La estructura priista funcionaba en torno al binomio PRI-presidencia que implicaba negociaciones internas con una gran capacidad de implementación. El PRI, como sistema de control político, permitía garantizar que las decisiones a las que se llegaba dentro de ese binomio pudiesen ser instrumentadas. También incorporaba mecanismos disciplinarios que acotaban al menos los peores excesos y abusos por parte de funcionarios, líderes obreros y políticos en general. La consecuencia más evidente de una estructura autoritaria y centralizada como aquella es que nunca permitió la construcción de instituciones funcionales pues éstas hubieran acotado el poder del centro. Esta es la razón de la brutal debilidad histórica de los gobiernos estatales, factor que ha hecho posible que, con el colapso del control central, se hayan constituido réplicas primitivas del viejo sistema a nivel estatal.
¿Cómo cambiar esto? Yo veo tres respuestas: una, la favorita de los nostálgicos del viejo sistema hoy localizados en dos partidos, consistiría en reconstruir los mecanismos de control autoritario para poder recuperar la eficacia del viejo sistema. La segunda implicaría una gran revolución institucional -la llamada reforma política- que procuraría institucionalizar lo existente por la vía legislativa. La tercera tendría por objetivo la construcción institucional pero su planteamiento es procedimental: construir una gran coalición que permita transformar al sistema político en su conjunto. Es importante hacer notar que hay prominentes políticos de todos los partidos abogando por cada una de estas propuestas: este no es un asunto partidista.
En mi opinión, México sólo podrá evolucionar por medio de una construcción institucional. La noción de que se puede reconstruir el viejo sistema es absurda no porque no se pudiera dar un golpe autoritario, sino porque no resolvería nada. Eso nos deja con dos escenarios: el de la buena voluntad de nuestros legisladores en presencia de un efectivo liderazgo presidencial o la construcción de acuerdos previos que hagan posible lo anterior. No hay diferencia de objetivos, sólo de procedimiento.
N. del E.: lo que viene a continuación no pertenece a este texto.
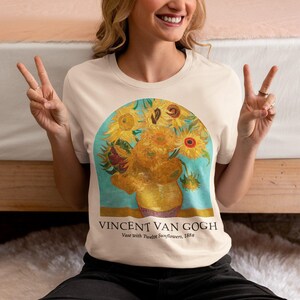 Van Gogh Sunflowers Art History Shirt, Grunge Aesthetic Vincent Van Gogh Floral Indie Light Academia Sunflowers Impressionist Painting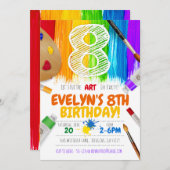 絵を描のパーティの招待状、Art Birthday Party - 8 招待状 (正面/裏面)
La noción de un gobierno de coalición no es nueva, pero sí es ajena a los sistemas presidenciales por una razón evidente: mientras que una coalición en un sistema parlamentario obliga a todas las partes a participar so pena de hacer caer al gobierno, en un sistema presidencial los funcionarios son nombrados unilateralmente por el presidente y, por lo tanto, una coalición depende de la disposición del presidente para su permanencia. Este hecho explica la reticencia a participar en el gobierno que en años pasados -desde Zedillo con un procurador panista y Fox sin saber para qué- evidenciaron los otros partidos.
La lógica de un gobierno de coalición es muy clara: incorporar a fuerzas políticas representativas en un gobierno dedicado a la construcción institucional donde todos pierden si cualquiera abandona el carro a medio camino. Sería una respuesta equivalente, si bien tardía, a los Pactos de la Moncloa o a la Concertación chilena. El objetivo no sería mediático sino político: intentar la construcción del nuevo Estado mexicano. En esta era, eso requiere de todos los partidos porque ninguno goza de la representatividad requerida.
Churchill lo dijo muy bien en 1940, cuando tomó las riendas de un gobierno de unidad nacional: “hemos diferido y hemos estado en conflicto pero ahora debemos estar unidos por el bien superior del país”. En nuestro caso por la reconciliación nacional y la transformación del Estado.